▶ **WHAT YOU ARE ASKED TO DO**: Line by line, copy the entries exactly, excluding the pictures.

*** Opening of INPUT RECORDS ***

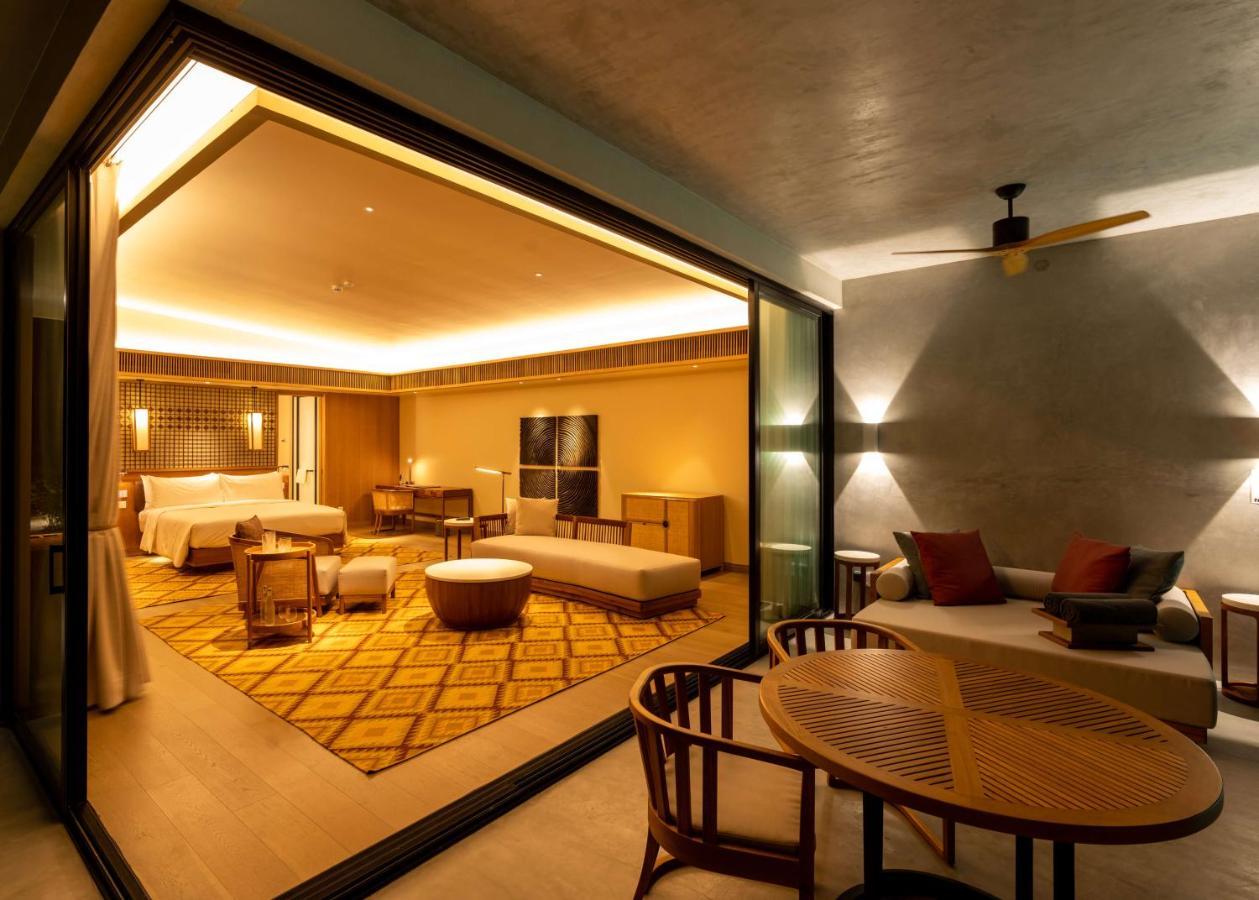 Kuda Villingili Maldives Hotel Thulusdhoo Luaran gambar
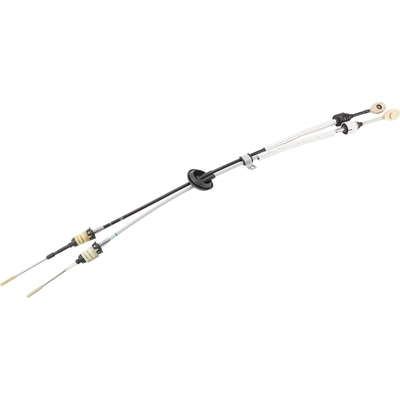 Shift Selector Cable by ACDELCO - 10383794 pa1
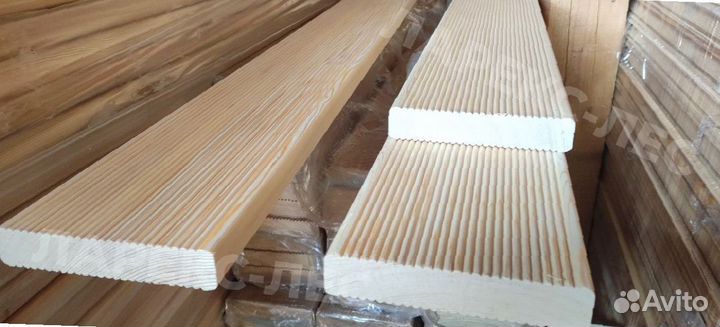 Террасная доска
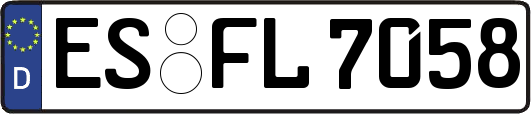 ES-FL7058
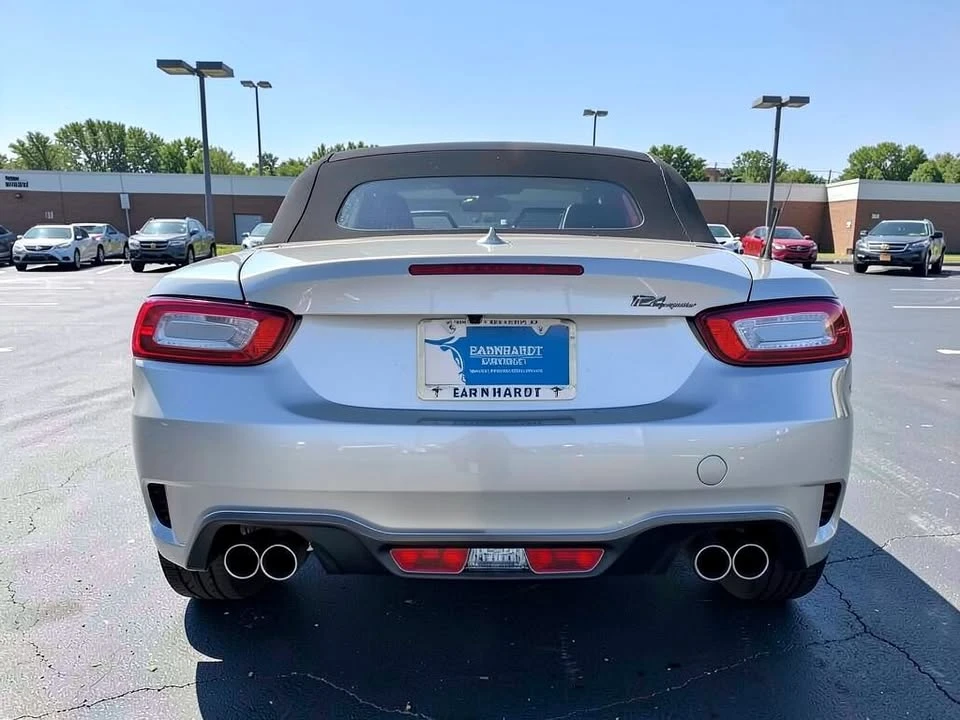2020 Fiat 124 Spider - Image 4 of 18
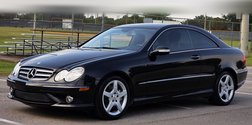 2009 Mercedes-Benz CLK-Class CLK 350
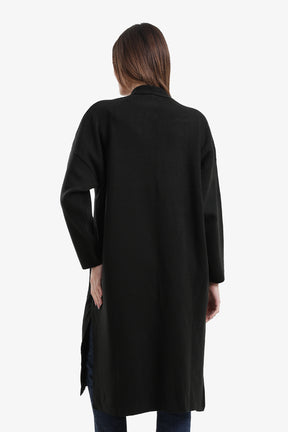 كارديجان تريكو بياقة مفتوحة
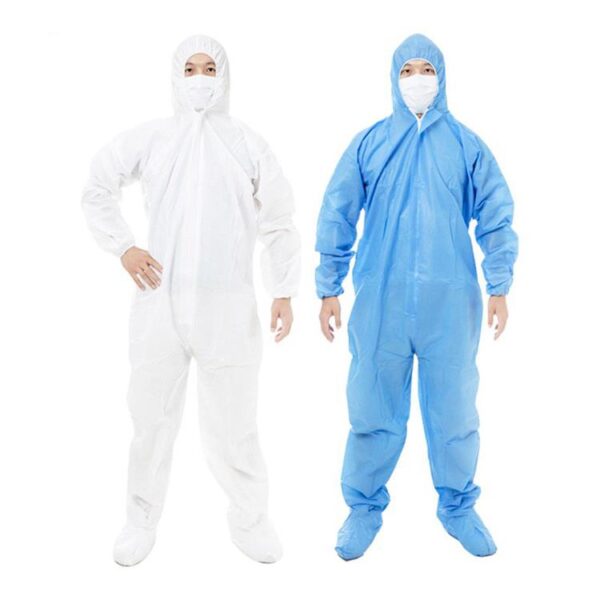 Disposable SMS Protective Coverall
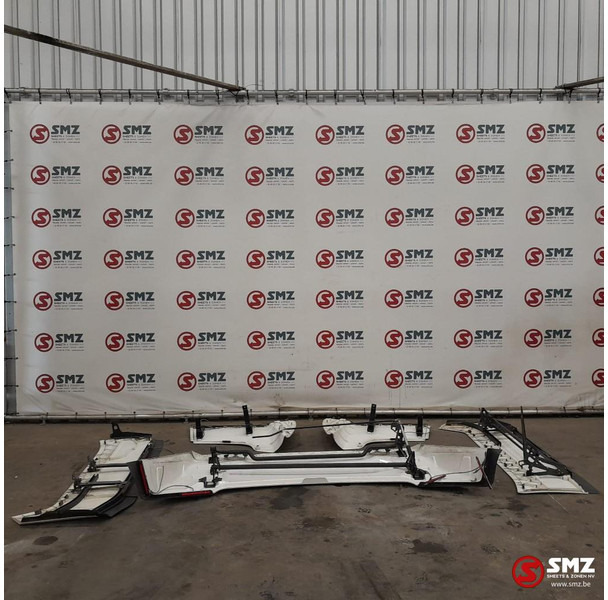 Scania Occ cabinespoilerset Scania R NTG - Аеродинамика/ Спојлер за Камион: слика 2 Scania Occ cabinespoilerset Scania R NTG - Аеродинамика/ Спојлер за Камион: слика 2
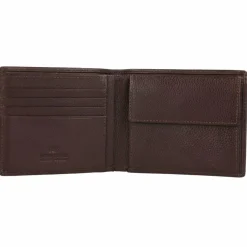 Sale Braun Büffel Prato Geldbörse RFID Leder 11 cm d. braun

*** Close of INPUT RECORDS ***

▶ **TASK SOLUTION**:
 Kuda Villingili Maldives Hotel Thulusdhoo Luaran gambar
 Shift Selector Cable by ACDELCO - 10383794 pa1
 Террасная доска
 ES-FL7058
2020 Fiat 124 Spider - Image 4 of 18
 2009 Mercedes-Benz CLK-Class CLK 350
 كارديجان تريكو بياقة مفتوحة
 Disposable SMS Protective Coverall
 Scania Occ cabinespoilerset Scania R NTG - Аеродинамика/ Спојлер за Камион: слика 2 Scania Occ cabinespoilerset Scania R NTG - Аеродинамика/ Спојлер за Камион: слика 2
 Sale Braun Büffel Prato Geldbörse RFID Leder 11 cm d. braun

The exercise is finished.